But the changes also signify Microsoft's loosening grip on its core PC desktop business, which is under siege from VMware's successful enterprise hosted-desktop model and other multi-user computing models by Linux rivals and startups such as nComputing.

VMware's enterprise hosted desktop allows customers to deploy hundreds of secure, virtualized Windows desktops from a central server.

Several partners who participate in the lucrative virtualization business said they have made lots of money over the past 12 months deploying VMware's enterprise hosted desktop.

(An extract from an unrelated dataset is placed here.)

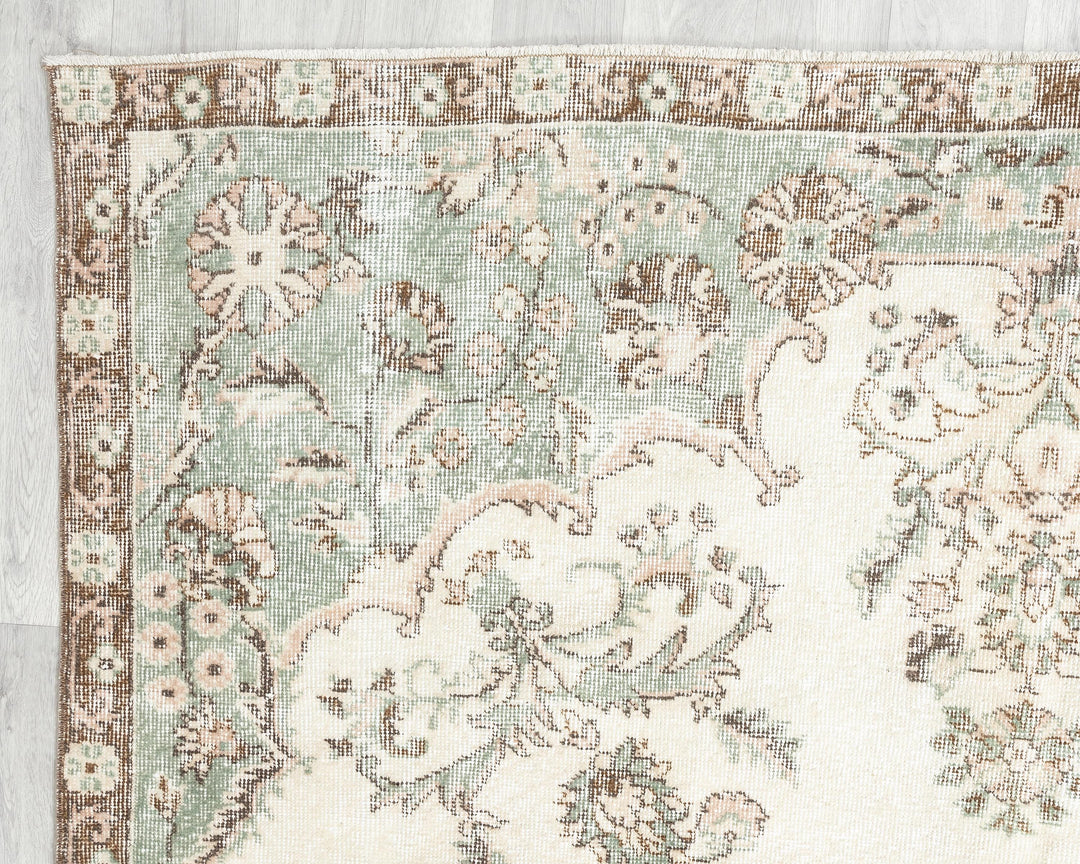 Neutral Oushak Rug 6' 5" x 10' 8" | No. VR58104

One ISV said Microsoft is under pressure to bend its licensing rules or lose Vista business. "This helps them move Vista licenses," said David Crosbie, CTO of Leostream, which develops and supports virtualization management platforms. "We have a lot of customers who are looking at VMS because they do not want to do a hardware refresh, so they can use the existing hardware and remote desktop into Vista running inside a virtual machine."

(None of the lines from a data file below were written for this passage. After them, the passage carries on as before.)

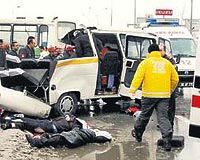 Cesetlerin etrafa sald kazada halk otobs ofr Celal Bokurtun (solda) burnu bile kanamad. Bozkurt yolda tuzlama yapan kamyonu sulad.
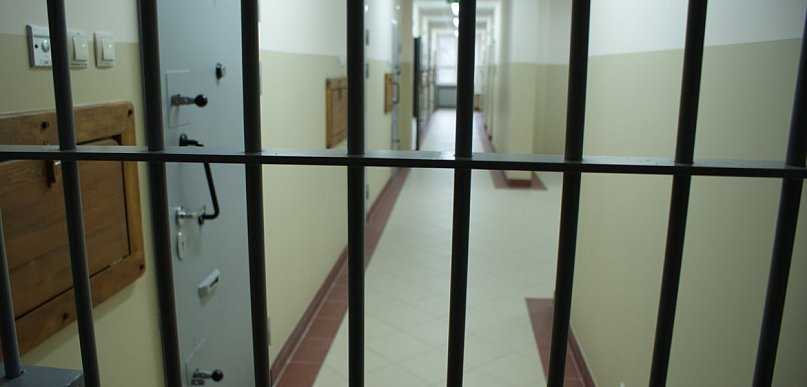 Recydywista znęcał się nad ojcem. Sąd zdecydował o tymczasowym areszcie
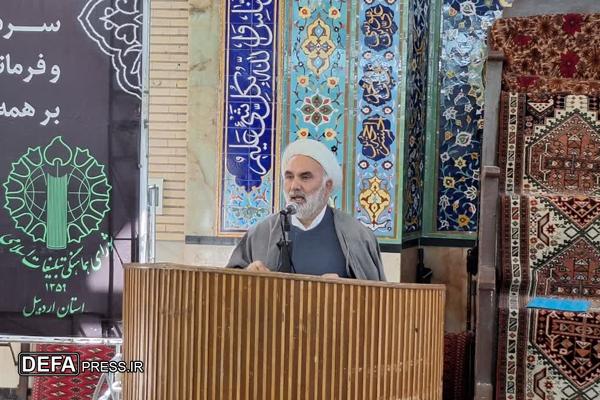 شهدای مقاومت عزتمندانه زندگی کرده و تن به ذلت ندادند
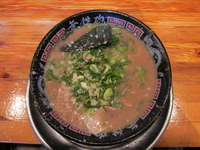 「らーめん（こってり、ネギ多め）」@無鉄砲 本店の写真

The second option Microsoft made available this week is the right to use Vista on diskless PCs. Microsoft is making this option available free to Software Assurance customers and said it will allow customers to move data and applications to centralized storage such as SANs.

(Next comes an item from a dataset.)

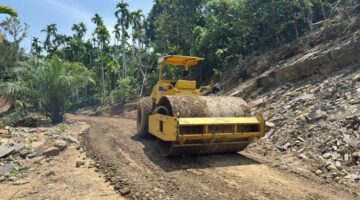 Pastikan Pekerjaan Maksimal, Kasdim 0111/Bireuen Tinjau Pembangunan Jalan TMMD.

But industry observers sid the change is also Microsoft's response to multi-user computing options from Linux rivals and firms such as nComputing, whose solution makes it possible to use one Windows PC to host seven or more free Windows desktops without buying additional licenses.

Microsoft has declined making any changes to its highly lucrative desktop licensing model because of its stronghold on the market, which for many years hovered at about 95 percent share.

But the company's iron grip on the PC desktop is fading because of the impact of virtualization software in uncoupling the software from the hardware, multi-user models and emergence of software-as-a-service models embodied by Google.

One enterprise consultant said Microsoft must bend and go with the flow of the market to keep its Windows franchise healthy.

"VMware has about 85 percent of the virtualization marketplace in enterprise customers and is minting money as the trend accelerates. VMware poses a real threat to an area Microsoft wants to secure and grow," said the longtime Microsoft consultant. "Microsoft made a major error not buying VMware when they could have and then misread the virtualization trend. As a result, Microsoft has not yet put a good equivalent into the market but is scrambling to adapt what it has and get what it needs out the door."